**Collected material**
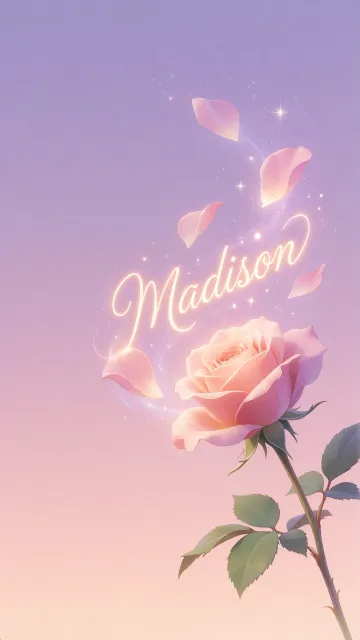 Madison diseño 8 - Fondo de Pantalla con degradado suave que transiciona de lila en la parte superior a melocotón y rosa pastel en la base, destacando una rosa rosada hiperrealista con tallo y hojas verdes. El nombre brilla en tipografía cursiva con efecto neón cálido, adornado con pétalos cayendo y chispas de luz mágica.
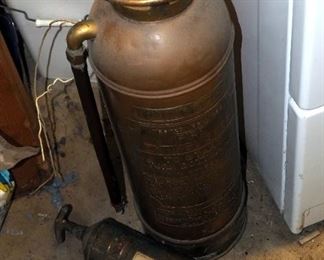 Vintage 2.5 Gallon American Lafrance Fire Engine Company Fire Extinguisher And Pyrene Fire Extinguisher
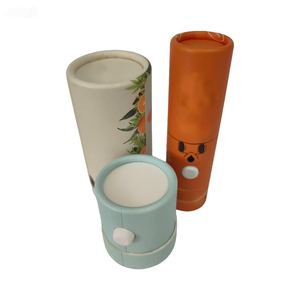 Gold Foil Stamping Cylindrical Packaging <b>Box</b>, Child Buckle Safety <b>Lock</b> Snap Paper Can for Cosmetics Essential Oil - Product Image 1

**Task requirements**
Keep the pictures out of the copy and write out the data exactly as it stands.

**Solution to this problem**
 Madison diseño 8 - Fondo de Pantalla con degradado suave que transiciona de lila en la parte superior a melocotón y rosa pastel en la base, destacando una rosa rosada hiperrealista con tallo y hojas verdes. El nombre brilla en tipografía cursiva con efecto neón cálido, adornado con pétalos cayendo y chispas de luz mágica.
 Vintage 2.5 Gallon American Lafrance Fire Engine Company Fire Extinguisher And Pyrene Fire Extinguisher
 Gold Foil Stamping Cylindrical Packaging <b>Box</b>, Child Buckle Safety <b>Lock</b> Snap Paper Can for Cosmetics Essential Oil - Product Image 1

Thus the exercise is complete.